Please repeat exactly, and only, the lines from the one containing "Sofitel Paris Arc de Triomphe" through the end of the records below, with no pictures.

--- Materials provided ---

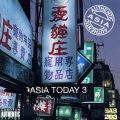 Tony Tam、久升音艺 Sonoton Authentic Series - Never Ending Dreams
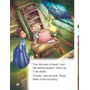 Classic Tales 1: The Shoemaker and the Elves: Виробник Oxford University Press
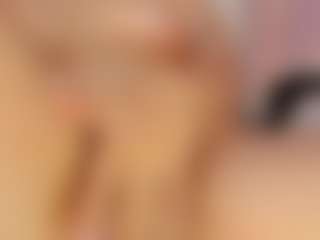 Nathalie Rivers's Live Sex Cam Show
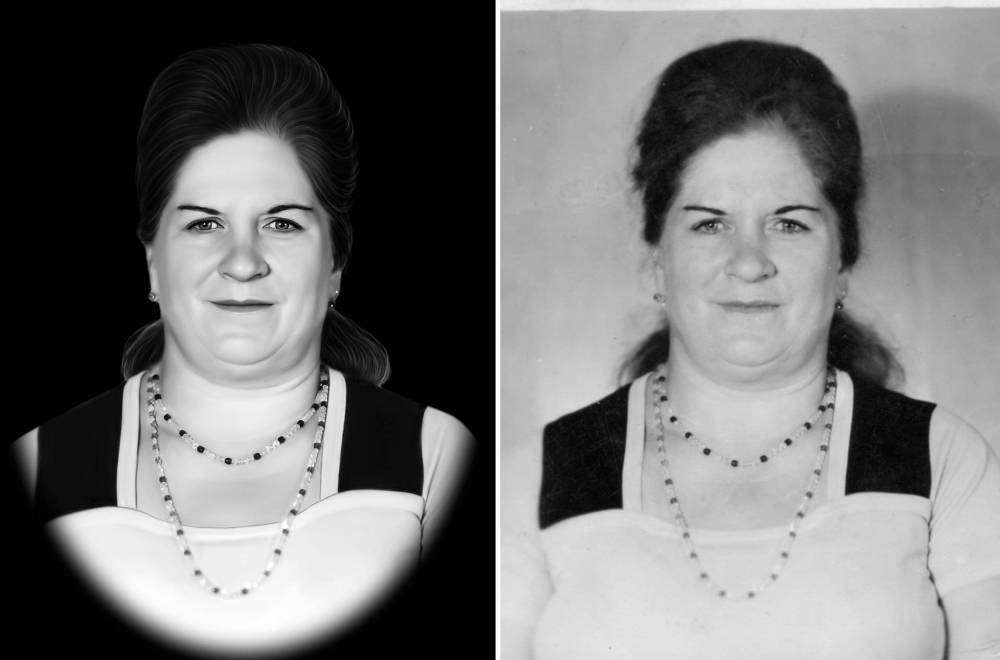 Без имени-1 (2)0.jpg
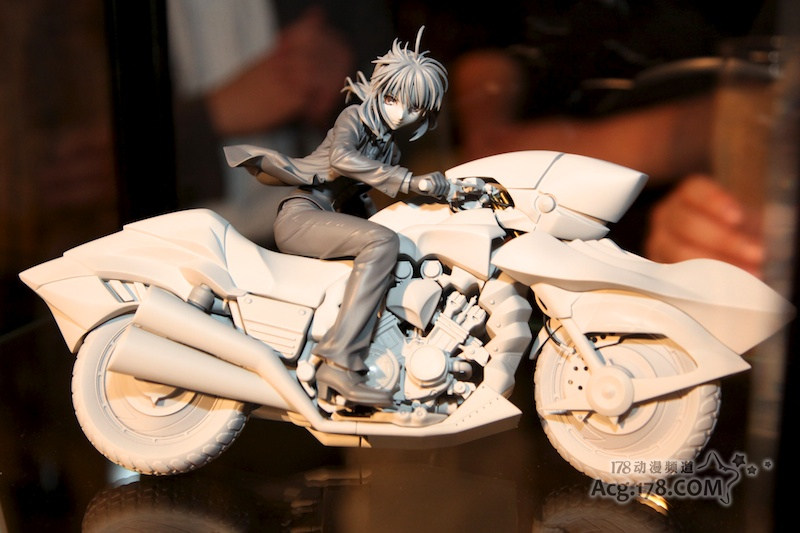 113791575673.jpg 113791575673.jpg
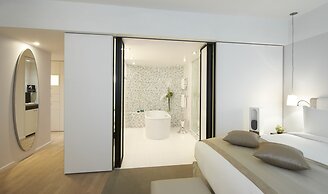 Sofitel Paris Arc de Triomphe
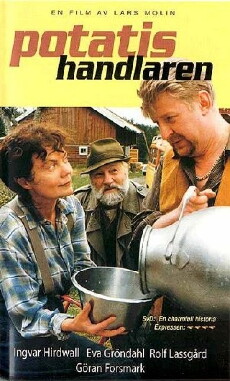 Potatishandlaren (1996) - Stream Online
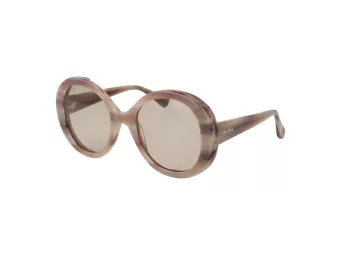 Max Mara Gafas de Sol MM 0074 20E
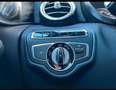 Mercedes-Benz GLC 220 d 4Matic 9G-TRONIC AMG Line Blanc - thumbnail 6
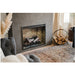 Dimplex Revillusion™ 36-Inch Portrait - Built-in Electric Firebox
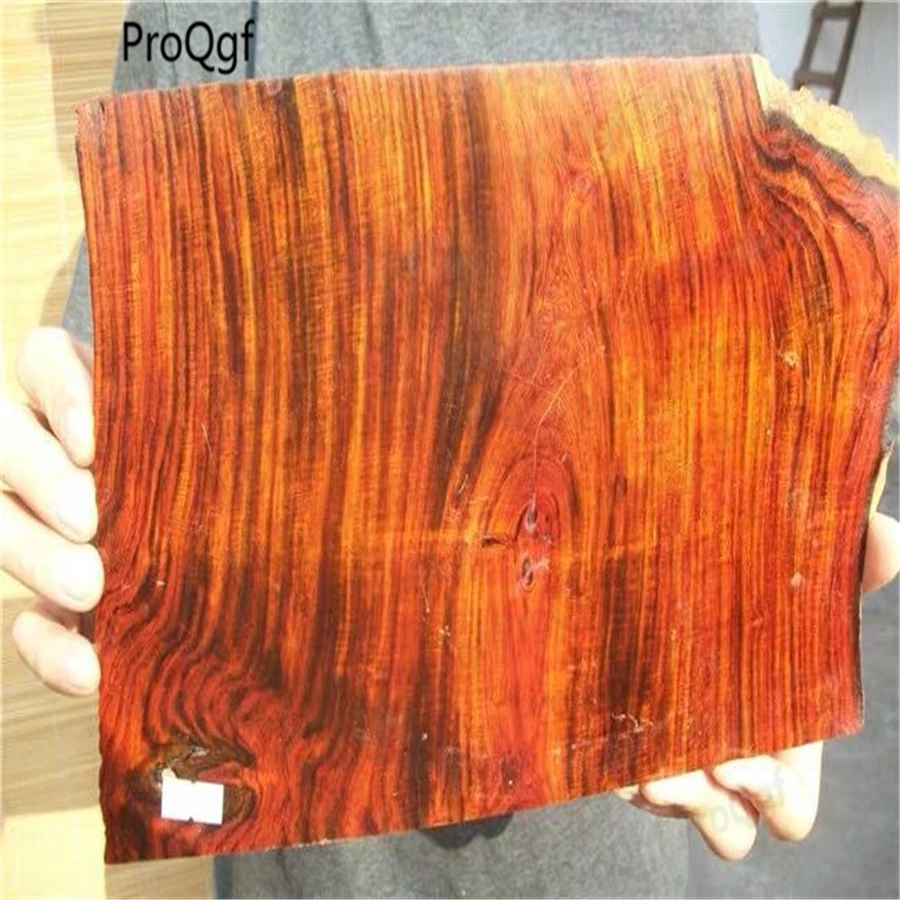Ngryise 1 шт. набор Dalbergia cochinensis Деревянный разные формы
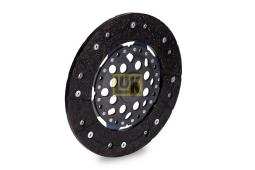 Clutch Disc LUK 322028110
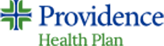 insurance-logo-provident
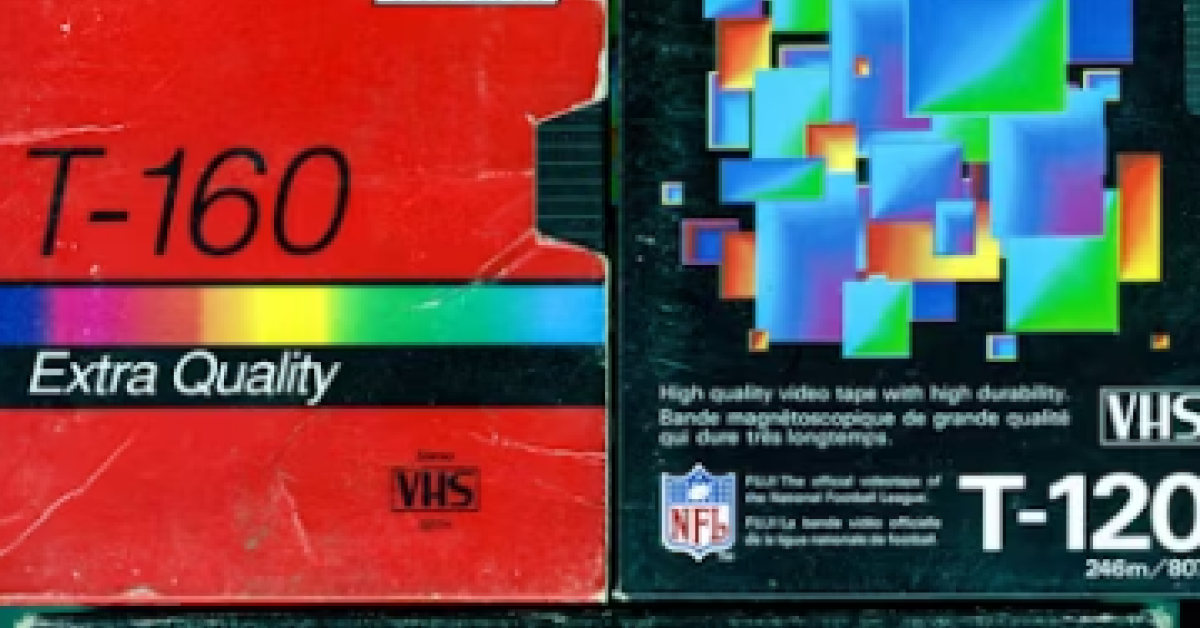 Ecommerce Website Design Secrets That Drive Sales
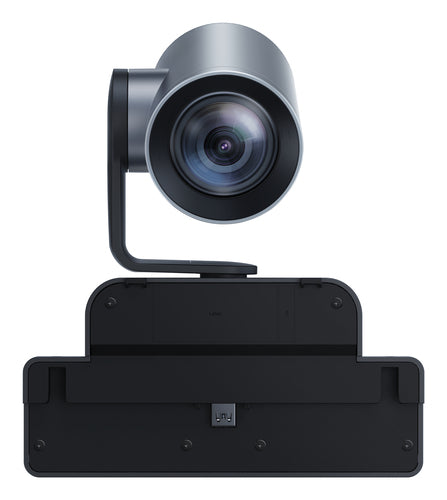 Yealink MB-12X Pro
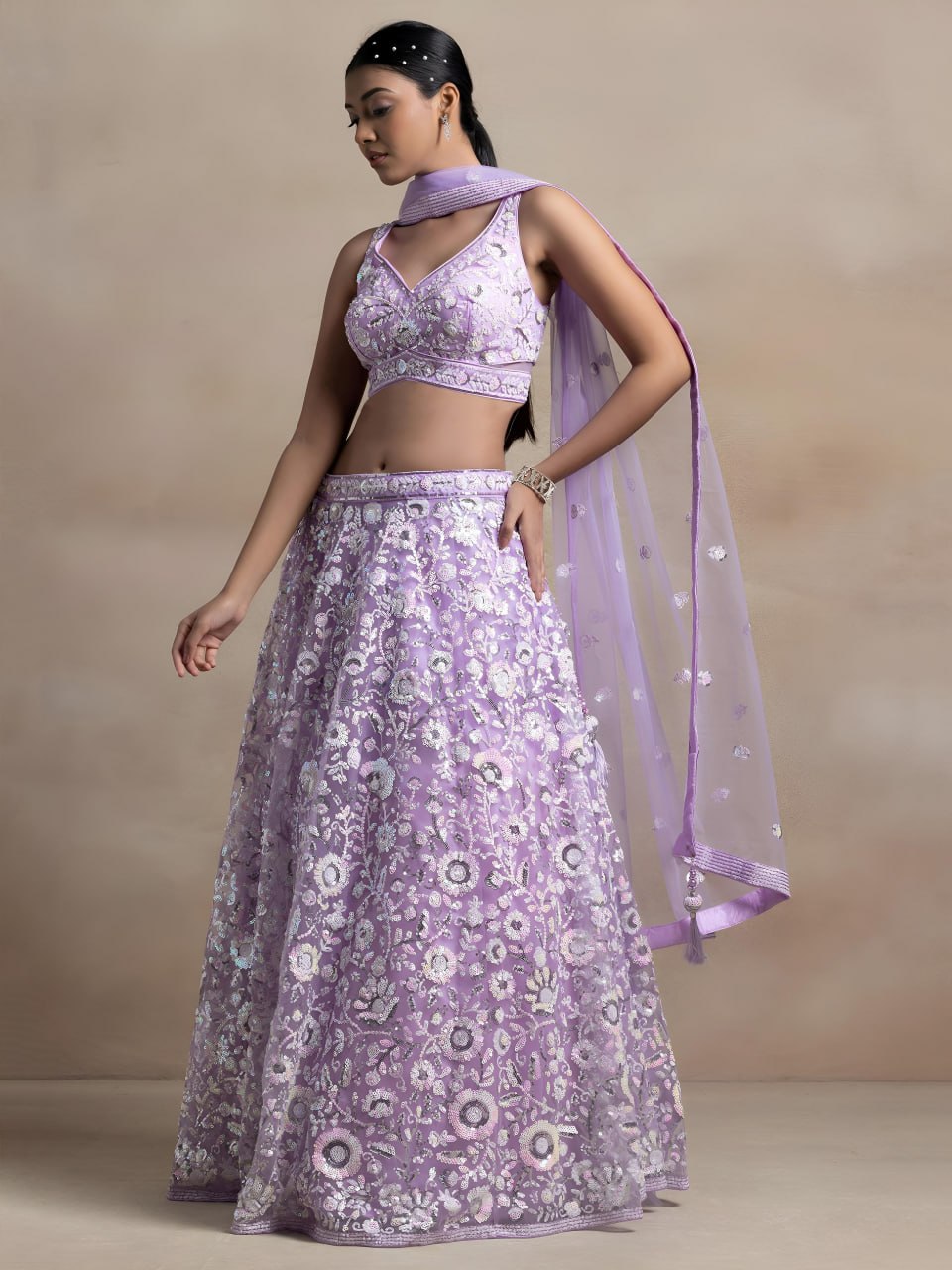 Color_Lavender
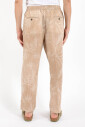 pantalon-a-motifs-en-lin-avec-taille-elastique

---

Response for this exercise:
 Sofitel Paris Arc de Triomphe
 Potatishandlaren (1996) - Stream Online
 Max Mara Gafas de Sol MM 0074 20E
 Mercedes-Benz GLC 220 d 4Matic 9G-TRONIC AMG Line Blanc - thumbnail 6
 Dimplex Revillusion™ 36-Inch Portrait - Built-in Electric Firebox
Ngryise 1 шт. набор Dalbergia cochinensis Деревянный разные формы
 Clutch Disc LUK 322028110
 insurance-logo-provident
 Ecommerce Website Design Secrets That Drive Sales
 Yealink MB-12X Pro
 Color_Lavender
 pantalon-a-motifs-en-lin-avec-taille-elastique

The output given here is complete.